On globalization, he says two conditions must mature: sufficient domestic capability and brand reputation, and shareholder alignment on regional strategy. Once these are met, "Taiwan absolutely can follow the paths of Denmark or Norway — bringing its local supply chain onto the global stage."
"Peers from Southeast and Northeast Asia often envy Taiwan," he added. "Not only do we have our own offshore sites, but also our heavy-lift vessel and local crews. If policies remain consistent and demonstration projects continue, Taiwan can truly become a maritime nation."
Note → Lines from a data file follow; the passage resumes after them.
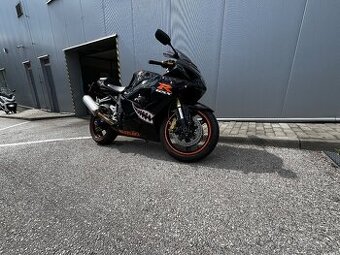 Suzuki GSX-R 600 K4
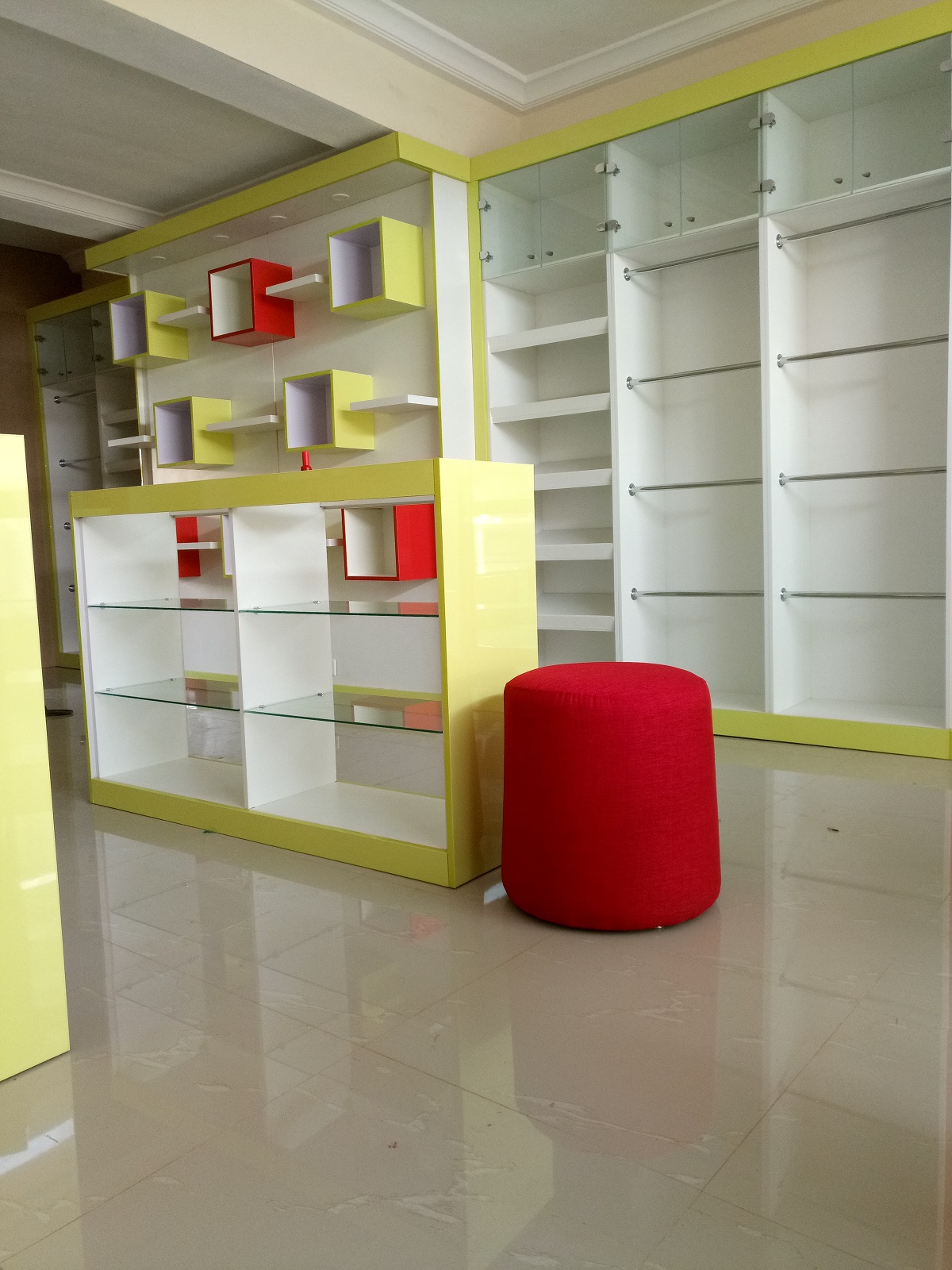 Trendy Display Shelves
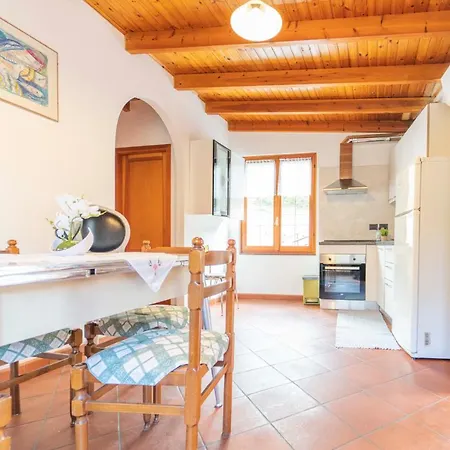 141- Casa Il Corbezzolo, 2,5chilometri Dal Centro E Dal Mare Bracco
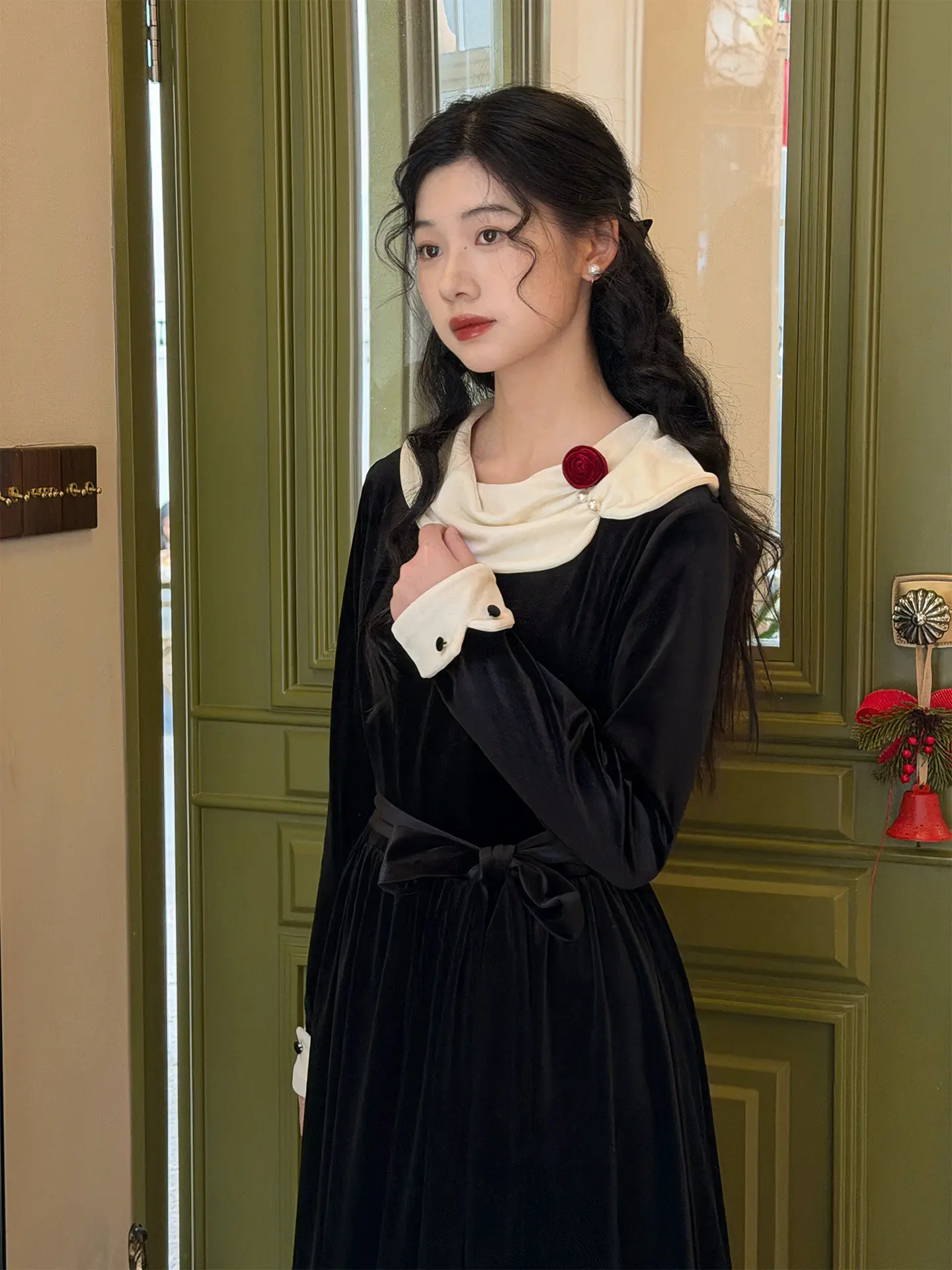 

TIYIHAILEY Spring Autumn Velvet Women Dress Full Sleeve Long Mid-Calf Ladies S-L Vintage Patchwork Detachable Flower High Waist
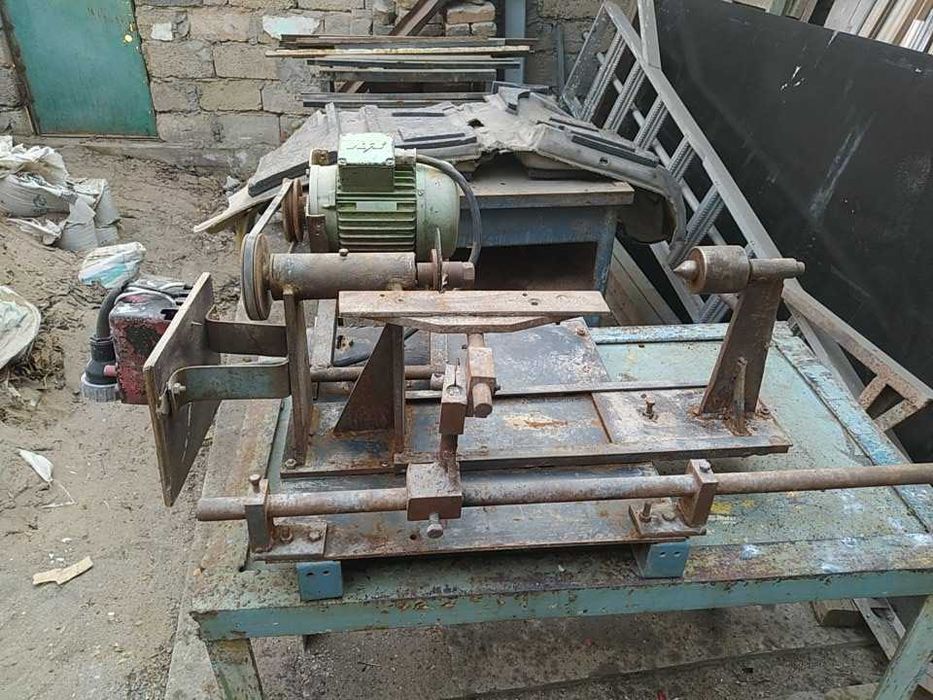 Продам мотор со станиной от фрезерного станка.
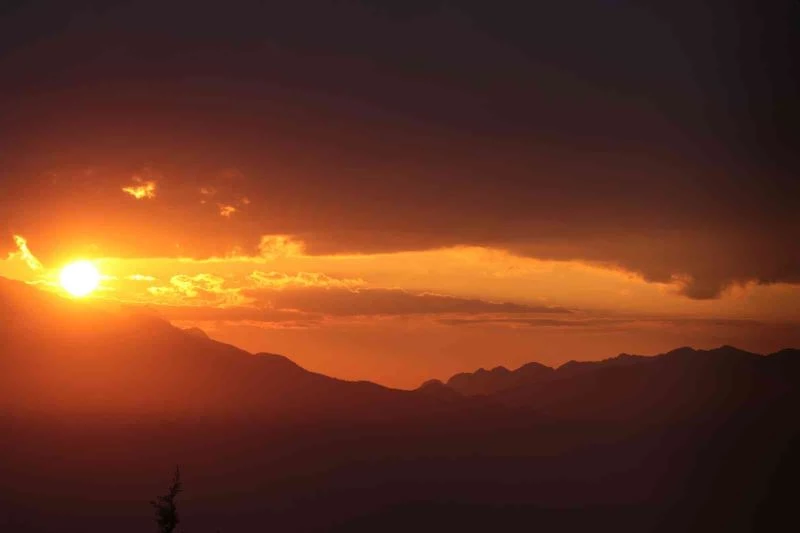 Kahramanmaraş’ta gün batımı hayran bıraktı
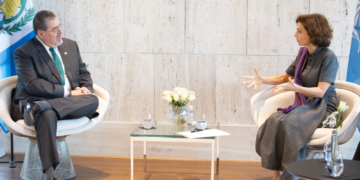 Presidente Bernardo Arévalo en reunión con Audrey Azoulay. / Foto: Cuenta de X de Azoulay.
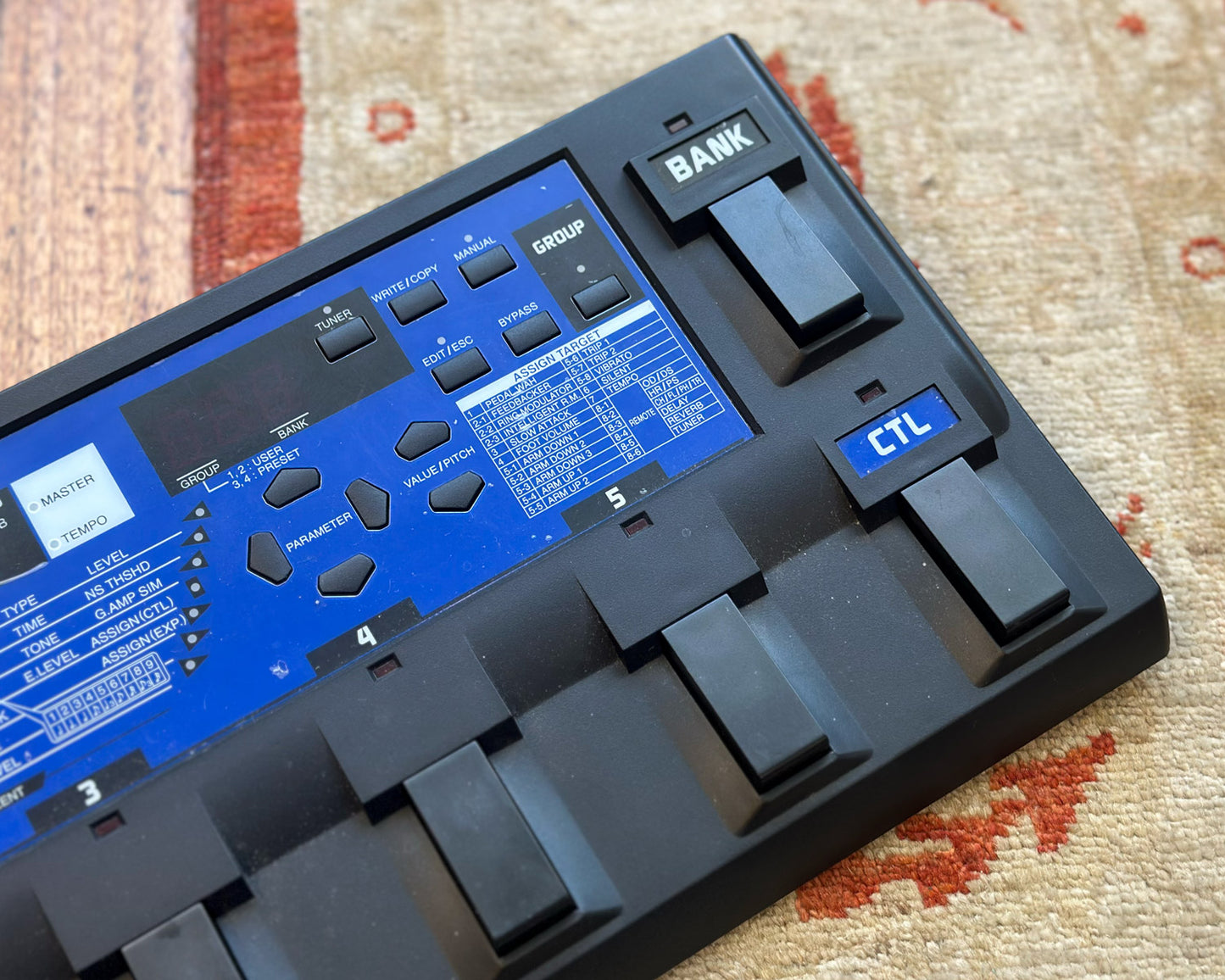 BOSS ME-8 Multi-Effects Pedal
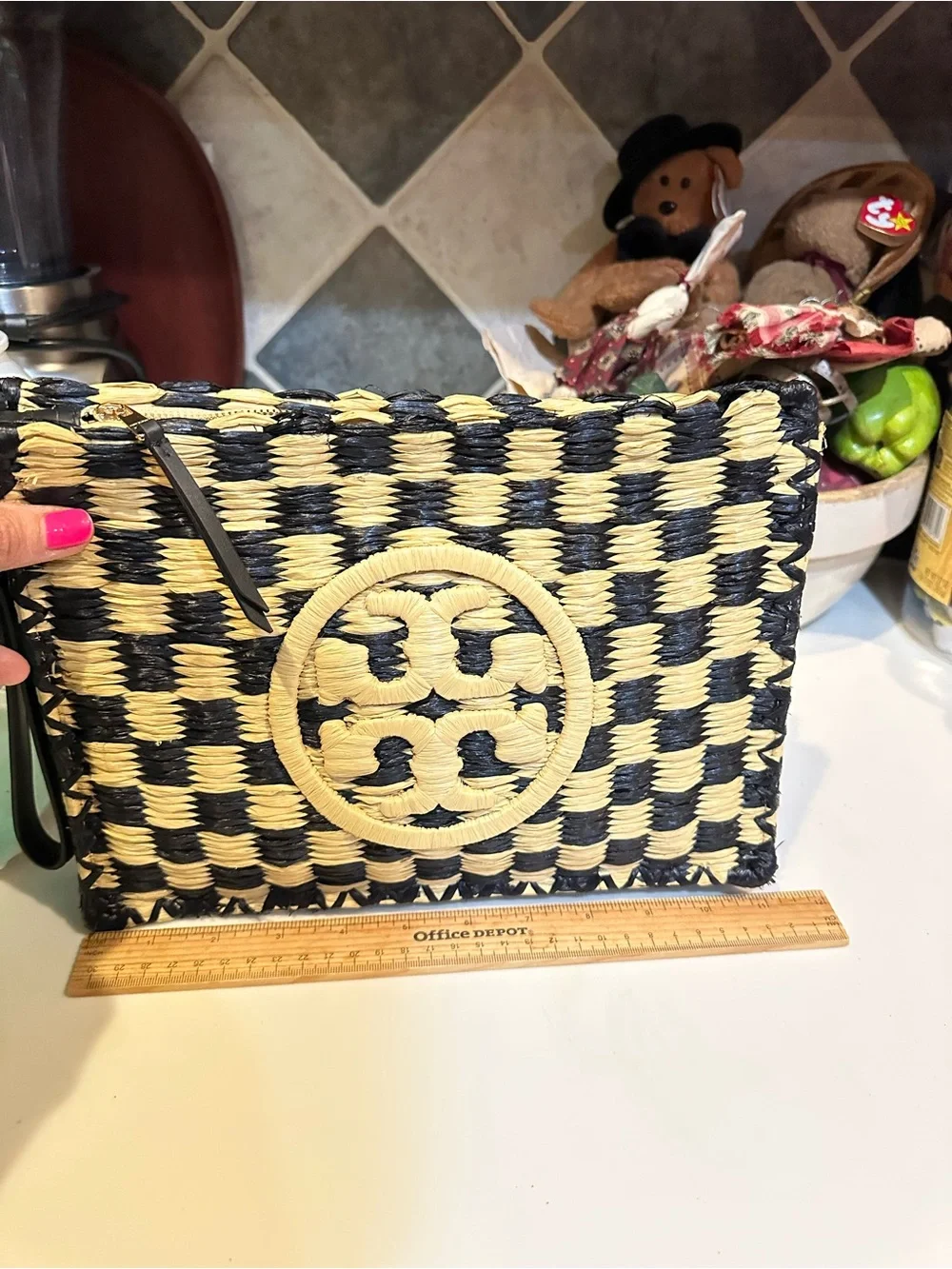 TORY BURCH NATURAL BLACK CHECK WOVEN WEAVE STRAW WICKER LOGO CLUTCH WRISTLET 11”
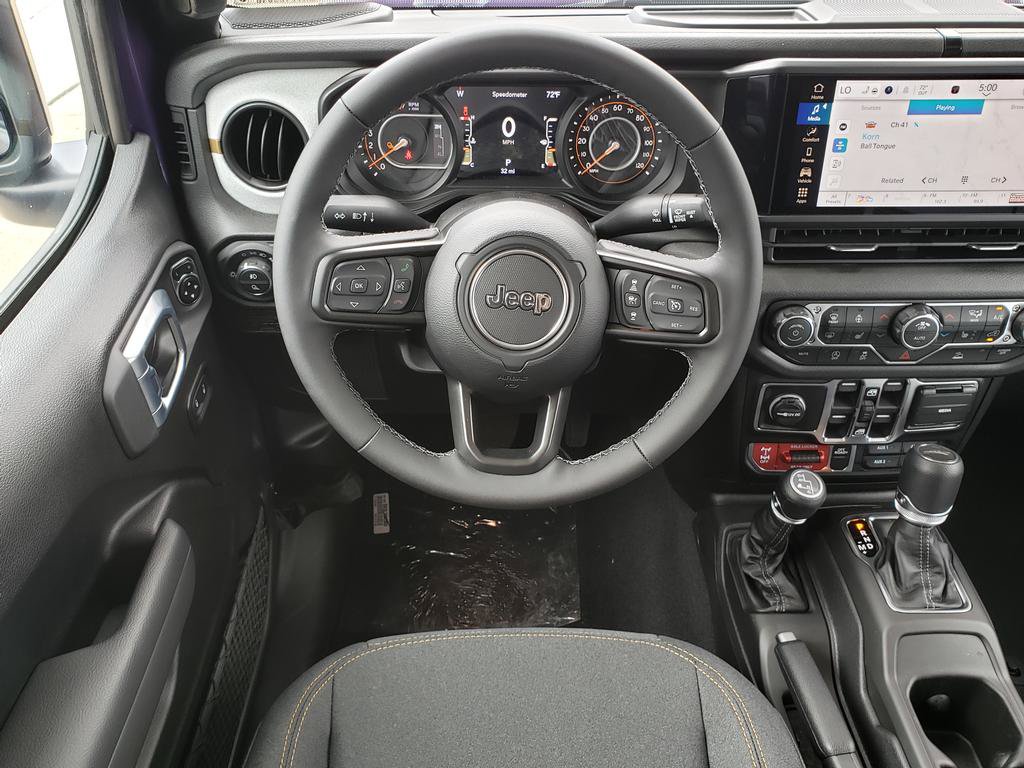 New 2026 Jeep Gladiator Sport AWD/4WD image 16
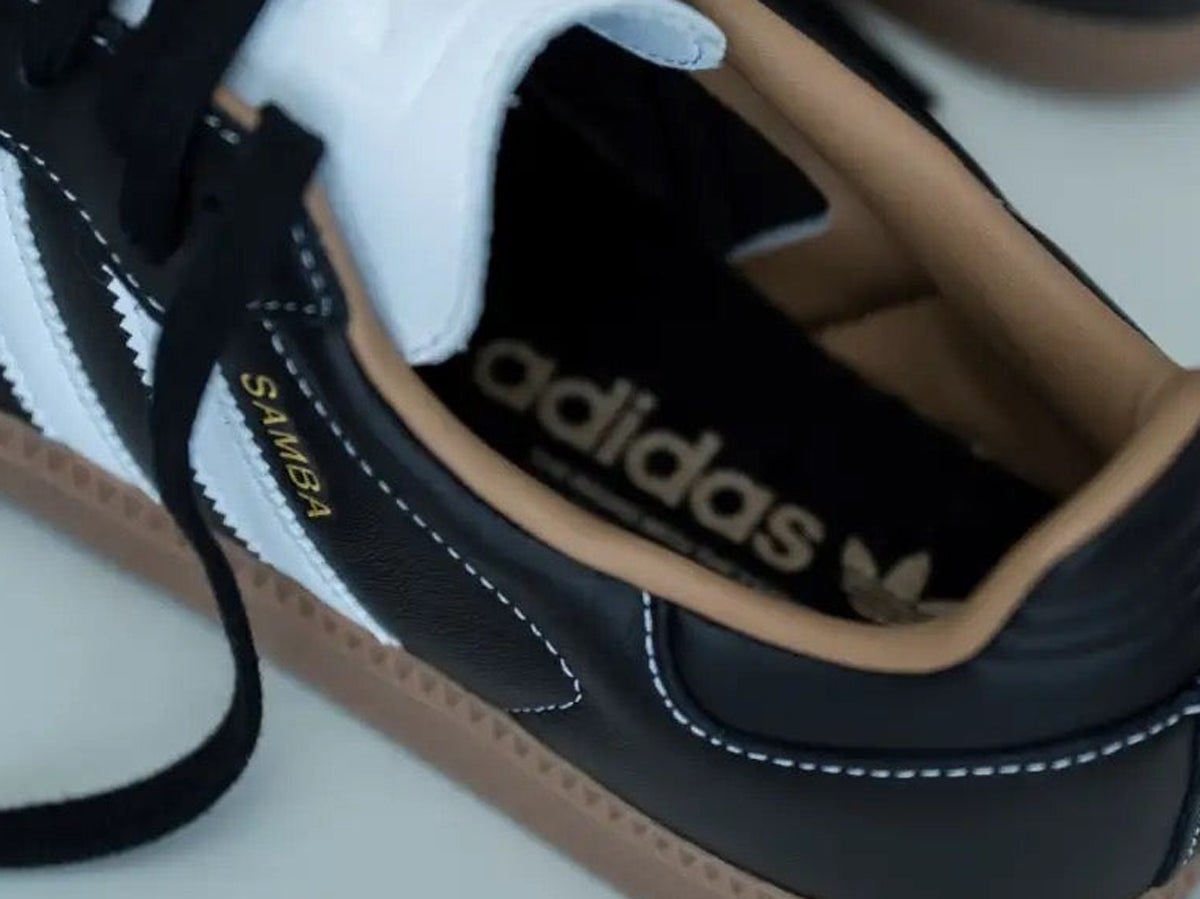 予約殺到中の大人な「アディダス」“別注サンバ”。「アダム エ ロペ」による特別な上品黒スニーカーが誕生！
Catalyzing and Accumulating: Driving Sustainable Industrial Growth
Over more than three decades, Robert Tseng has witnessed Taiwan's shipbuilding journey — from OEM to self-design, from conventional to specialized vessels, from merchant ships to naval programs. Now, in offshore wind and marine engineering, he hopes once again to embody the spirit of the catalyst.
"When the company stands firm, the industry finds its footing. When the engine runs steady, the supply chain follows. When young talent sees a future, they join. And when that happens, the world sees Taiwan's reliability and efficiency," he said.
His pursuit is not just to complete individual projects, but to transform tangible benchmarks, replicable mechanisms, and sustainable talent pipelines into long-term competitiveness. Through such catalytic accumulation, Taiwan can evolve from doing a few things well to consistently doing the right things well — to build, endure, and expand.
Ultimately, when marine engineering becomes the core driver of Taiwan's energy transition and global influence, that underlying strength — the quiet confidence born of real capability — will stand as the nation's most solid support on the international stage.